Another strategy that helps with normalization is called case folding. As part of case folding, all the letters in the text corpus are converted to lowercase. The and the will be treated the same in a scenario of case folding, whereas they would be treated differently in a non-case folding scenario.
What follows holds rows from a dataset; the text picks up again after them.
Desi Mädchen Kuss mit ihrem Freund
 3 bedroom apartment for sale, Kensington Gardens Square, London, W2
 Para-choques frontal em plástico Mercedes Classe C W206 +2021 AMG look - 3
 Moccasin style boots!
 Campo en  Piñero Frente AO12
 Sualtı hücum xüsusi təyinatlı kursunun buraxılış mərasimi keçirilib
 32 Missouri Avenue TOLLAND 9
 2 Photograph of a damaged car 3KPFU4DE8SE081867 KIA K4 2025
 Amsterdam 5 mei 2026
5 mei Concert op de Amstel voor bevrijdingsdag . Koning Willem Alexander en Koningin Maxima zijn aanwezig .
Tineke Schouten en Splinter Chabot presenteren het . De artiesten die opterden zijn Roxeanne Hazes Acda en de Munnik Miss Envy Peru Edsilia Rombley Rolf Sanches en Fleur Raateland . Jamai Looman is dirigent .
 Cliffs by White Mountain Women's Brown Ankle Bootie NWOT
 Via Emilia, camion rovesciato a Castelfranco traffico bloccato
This technique helps systems that deal with information retrieval, such as search engines.

In [16]:
s = "We are putting in efforts to enhance our understanding of Lemmatization"
s = s.lower()
s

'we are putting in efforts to enhance our understanding of lemmatization'

# N-grams

In [17]:
from nltk.util import ngrams

s = "Natural Language Processing is the way to go"
tokens = s.split()
bigrams = list(ngrams(tokens, 2))
[" ".join(token) for token in bigrams]

['Natural Language',
 'Language Processing',
 'Processing is',
 'is the',
 'the way',
 'way to',
 'to go']

In [18]:
s = "Natural Language Processing is the way to go"
tokens = s.split()
trigrams = list(ngrams(tokens, 3))
[" ".join(token) for token in trigrams]

['Natural Language Processing',
 'Language Processing is',
 'Processing is the',
 'is the way',
 'the way to',
 'way to go']

# Building a basic vocabulary

In [19]:
s = "Natural Language Processing is the way to go"
tokens = set(s.split())
vocabulary = sorted(tokens)
vocabulary

['Language', 'Natural', 'Processing', 'go', 'is', 'the', 'to', 'way']

# Removing HTML Tags

In [20]:
html = "<!DOCTYPE html><html><body><h1>My First Heading</h1><p>My first paragraph.</p></body></html>"
from bs4 import BeautifulSoup

soup = BeautifulSoup(html)
text = soup.get_text()
print(text)

My First HeadingMy first paragraph.